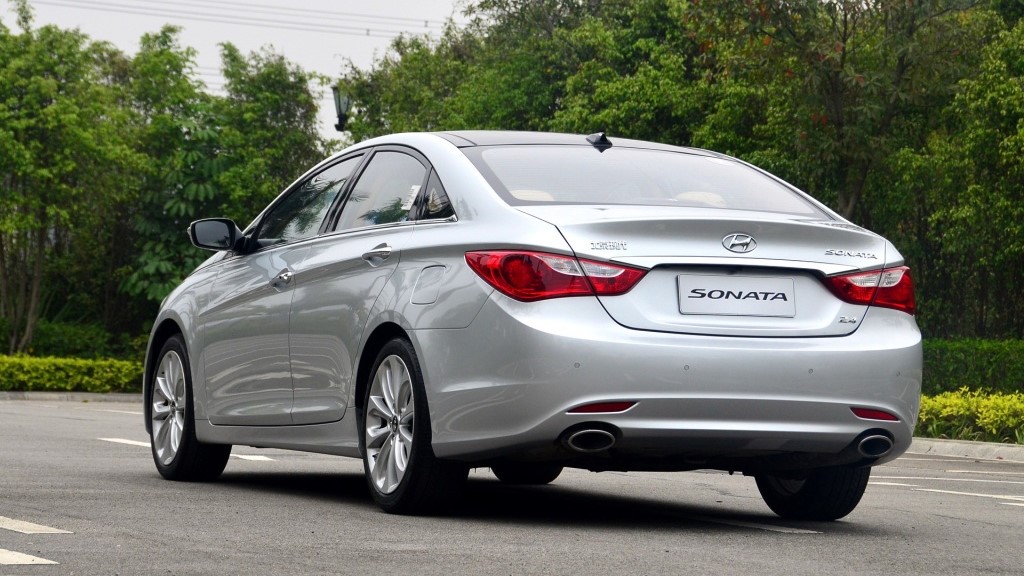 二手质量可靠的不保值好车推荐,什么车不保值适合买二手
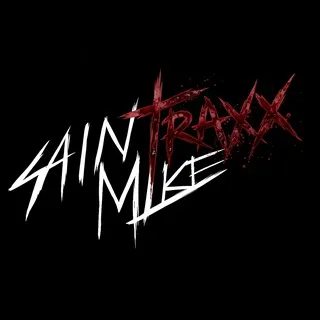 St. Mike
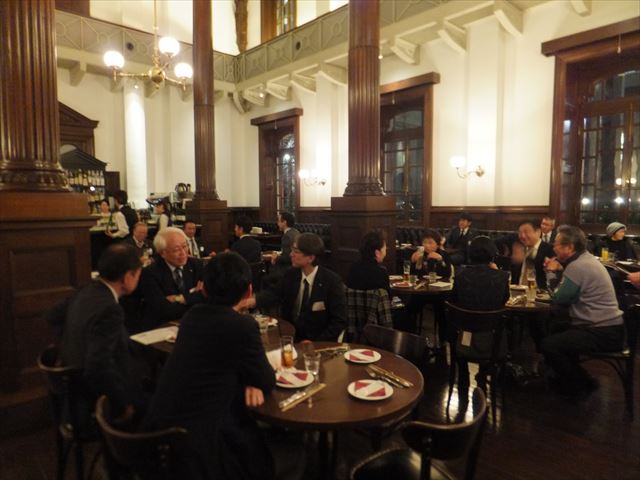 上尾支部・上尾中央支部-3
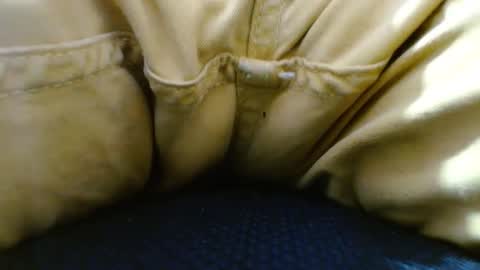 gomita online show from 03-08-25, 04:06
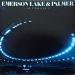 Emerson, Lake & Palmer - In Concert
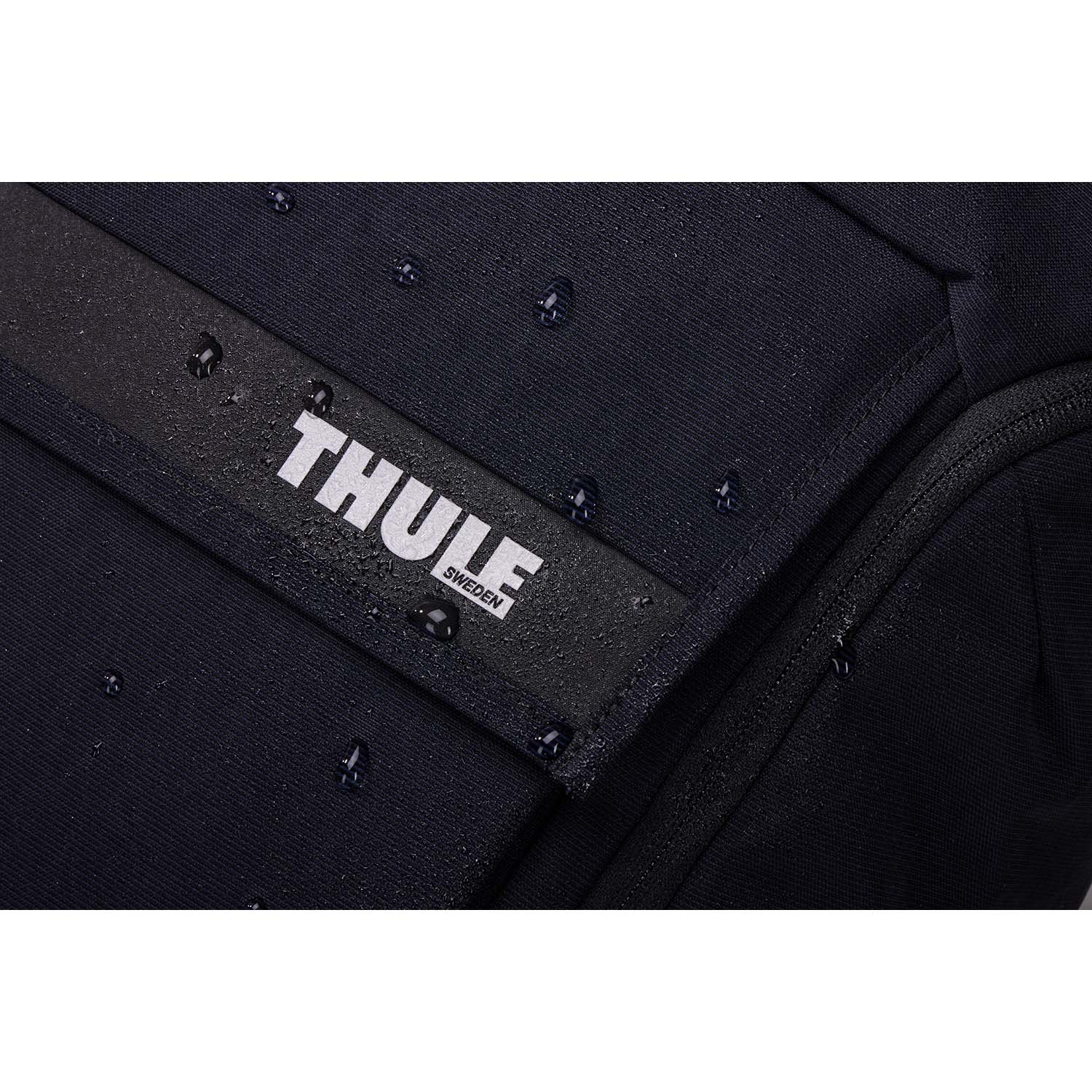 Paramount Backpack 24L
************
No pictures belong in the copy; output every record exactly.

→ SOLUTION
 二手质量可靠的不保值好车推荐,什么车不保值适合买二手
 St. Mike
 上尾支部・上尾中央支部-3
 gomita online show from 03-08-25, 04:06
 Emerson, Lake & Palmer - In Concert
 Paramount Backpack 24L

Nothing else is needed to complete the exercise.